Monday, October 20, 2008

A Thick Fog Over the Mighty Mo

I hit the road about 3:30 this morning, for what turned out to be about a half marathon. It was glorious; super smooth and super fun. Perhaps the most interesting part of the run was crossing the Mighty Mo and running into a thick fog. It was eerie. The floor was perfectly clear on the southwest part of the city, the northwest was perfectly socked in. No lights visible. The area where the northwest part of town was, appeared as a black chasm in the universe, a succinct void. Needless, to say, I had to check it out. I ran instead the stuff and thoroughly enjoyed the ominuous, uncanny cruise through the ground-floor cloud. It proved to be one of those life-affirming runs, where nothing and everything matters and time is no more. Love it.

Sunday, October 19, 2008

Upward and Yon

We all progress at different paces,

But most important, that the human race is
moving upward, forward and yon,

Toward the virtuous, great beyond...

And if God is there... oh I know He is,
in that great beyond, where heav'n is,
then our movement is towards everlasting glory,
to that place of the Eden story.

Saturday, October 18, 2008

On pancakes...

There are three ways to know God; through Jesus, Chipotle and pancakes (good ones). The first way, through Jesus, is of course, the only way for us to know our creator. Chipotle is my silly example of an avenue to reach God (though I do think it to be true). Pancakes, my friends, are simply divine. Now, divinity in this sense, is of the Earthly descriptive sort. It is my experience that there are things on this Earth that make us come alive. God programmed us this way. In that way, divinity, comes through those things that make each of us comes alive - we see, feel and know God in those moments. Pancakes, for me, are a reflection of God's greater glory. Divinity shines through an orbus, two-dimensional, wholesome, cake. I don't want to draw this out, the point is, I love pancakes. Presently, I am running errands; just wrote a letter to Brian Jr. in Kenya (my sponsored child); now I am at the library, doing the internet thing and settling my balance (I have a tendency to collect library items and accrue fines, unbeknownced to me, until a freeze is put on my account - fortunately, I have come to budget for this tendency and it is no longer a shock to my pocket-book); next, it is home to eat lunch and take a shower before they turn off the water for the day; then, laundry time. It is game time. Peace and love.

Friday, October 17, 2008

On Obscene Sights...

On my morning 9 miler I cruised past a rather disturbing scene... The thing of it was, that the scene wasn't so disturbing or strange as was the stream of images and memories that the sight elicited. Running 7th Ave. alley I ran past a garage with a freshly slain antelope strewn about. A bit of a shock, as it was unexpected, but beautiful in the sense that the man cleaning the animal seemed to be an honest sportsmen. At any rate, it immediately got me thinking about other strange things I have seen while running, specifically a sight from Colorado Springs. I won't go into any sort of detail, but I will say this, I ran within a couple feet of a teenage couple performing a rather illicit act inside a beater of a car. I am not sure who was more shocked, surprised, or appalled; the couple or me. One thing is for sure, it made us all a bit more conscious of how we behave in public places - at least I hope it is so for the couple. It was a great run this morning... a hard, tempo followed by some pancakes. Glorious. That is all for now. Peace and love and stuff.
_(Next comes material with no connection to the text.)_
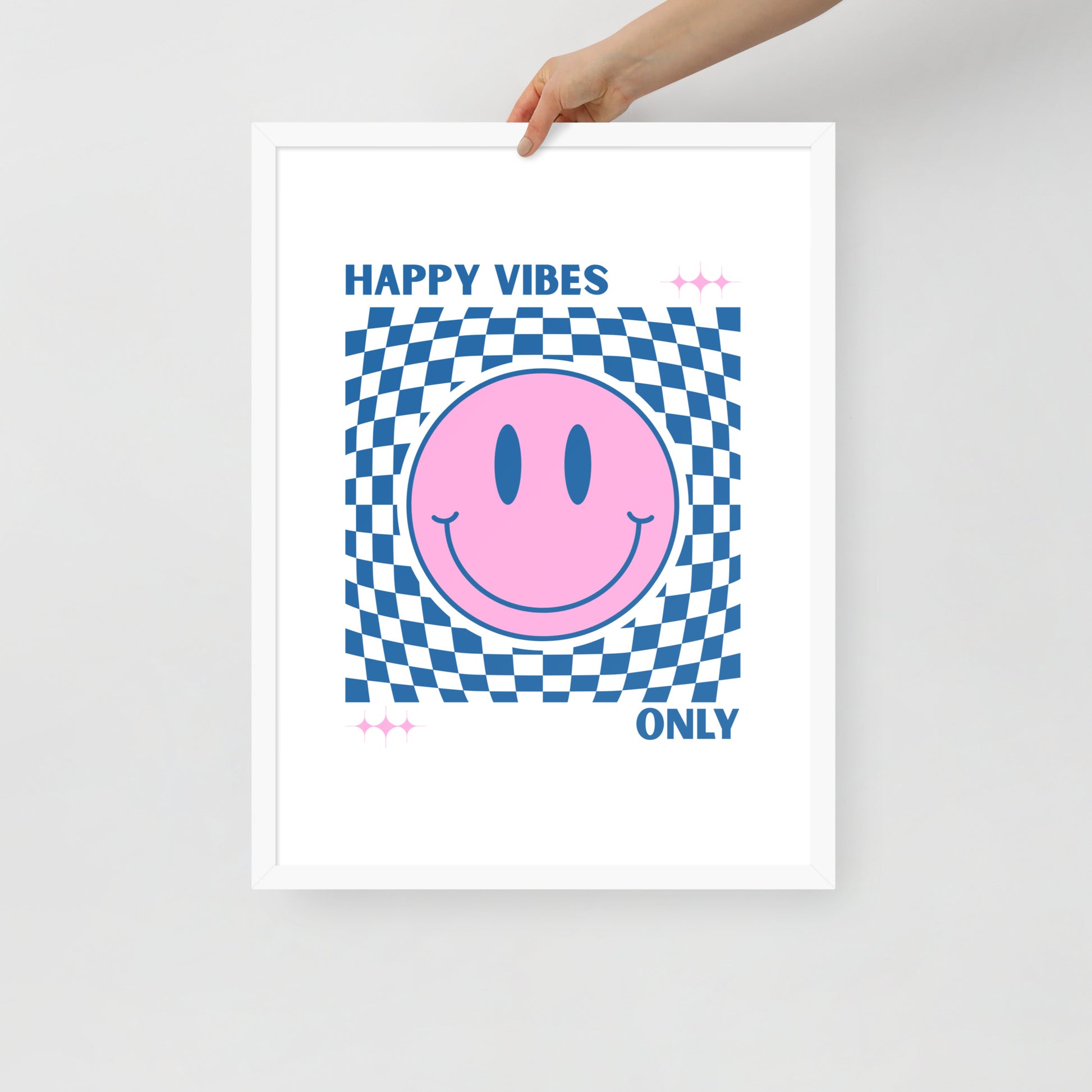 Framed poster with a pink smiley face and blue checkered pattern, text 'Happy Vibes Only' on a white background.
Thursday, October 16, 2008

MEA and Post-Modernism

MEA, as far as I am concerned, stands for Excessive Coffee Imbibation. You are probably quick to realize that the acronym there is ECI, a far cry from MEA. But it is my reality, my MEA. Thus, is/are the implications of post-modernism. What feels right to me at a given moment, even if it defies convention, truth, and complete objectivity, is wholly right in my mind's eye - folks who think contradictory to my line of thought are just as right in there mind's eye. This modern philosophy is, of course, absurd. There is a baseline truth that undergirds all reasoning. Some things are right and some things are wrong. Anyways, I don't want to get into it, but this is a philosophy that has been bugging me lately. Presently, I am in the process of running errands. Yesterday I put in a solid 13 miles, today will be closer to 10 or so. Nothing new or exciting to report. My guess is that this running blog, through the next several months, will begin looking more like a rant and rave blog (as the entree) with a dash of running on top. What a great way to process thoughts and feelings, this blog stuff. Everyone should have a blog. Now, if you will excuse me, I am going to go enjoy my MEA day off. Peace.
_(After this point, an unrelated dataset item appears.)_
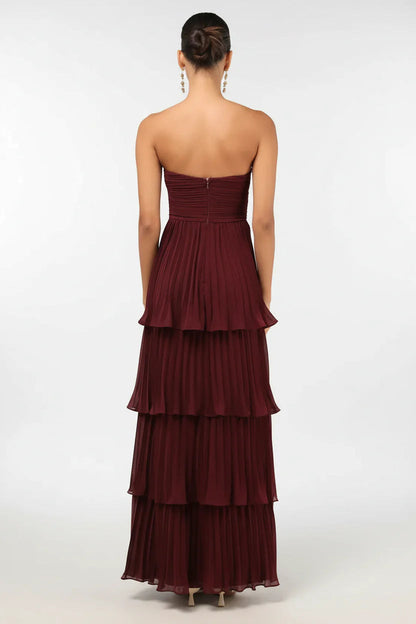 Back view of the elegant burgundy strapless tiered pleated maxi dress, showcasing the flowing skirt.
Wednesday, October 15, 2008

On fate, accidents and Don Resset..

Firstly, fate. Not much to say here, other than "stuff happens". Secular fatalists would have us believe that God, as an explanation for all things inexplicable is an uneducated answer to a scientific problem. They have it exactly backwards. Fatalism is a cop-out for all things pre-ordained by God's good and perfect will. Free will gives us choice, which is wholly compatible with the sovereignty of God, and that choice - so necessary to our very essence - allows us to make both good and bad decisions, concurrently allowing evil spirits to be as real as good and perfect, Godly spirits. The more in tune we are with our creator - understanding and abiding - the more His good and perfect Word will be clear to us, hampering the ability of evil spirits to lead us down misguided paths. Sure, stuff happens, but how do you account for it? By chance? Nay, I say. Dig deeper. Fate is a weak answer. Secondly, accidents. Yesterday, on my morning 8 I nearly lost my  life, or at least my health, or something. I nearly lost something is my point. Running 7th St. alley, I edged too close to a 20 foot crevasse in the road and lost my footing... fortunately, there was a bush within reach to grab hold to and pull myself up. Thanks be to the Lord. Thirdly, Don Resset. Great man. Peace.

Tuesday, October 14, 2008

Ahhhh, Recovery...

I am feeling really solid physically. Sunday, I went for a three mile jog. Yesterday day I did a 6 mile cruise and this morning I ran a really steady 8. Doubtless, all the miles I put in prior to the race are coming in to speed up the recovery. I feel loose, limber and spry. It feels so great to go out for an 8 miler without any thought of time, pace or near-term goals. As great as it is to have race to train for it is also wonderful to come out of a running season - letting the body rest and rediscovering why it is you love running. My official time for the Le Grizz was 6:22:59, a minute and a half behind the first place overall runner and 30 minutes ahead of the 3rd place runner. Again, very happy with my effort. Everything came together - the Lord was there guiding me every step of the way (that is not just cliche religious rhetoric, but the honest to goodness truth). The effort was good enough to achieve the distinctive honor of 2008 USATF Montana Ultra Marathon Champion... unexpected icing on the cake. At any rate, I can't get over how wonderful of a run that was. I had a wonderful time and for the first time in a race, felt spot on with my training. What's more, I am very excited for the next couple of months of running for fun -maybe 60-80 miles a week -, retooling - assessing this last training cycle and making changes for the future -, and next spring/summer racing season - maybe some 50Ks, a 50 miler and maybe the Leadville 100 in August... But at this point, who knows - it is all tentative. The time is now and I love it. Excited to continue diving into my life here in MT.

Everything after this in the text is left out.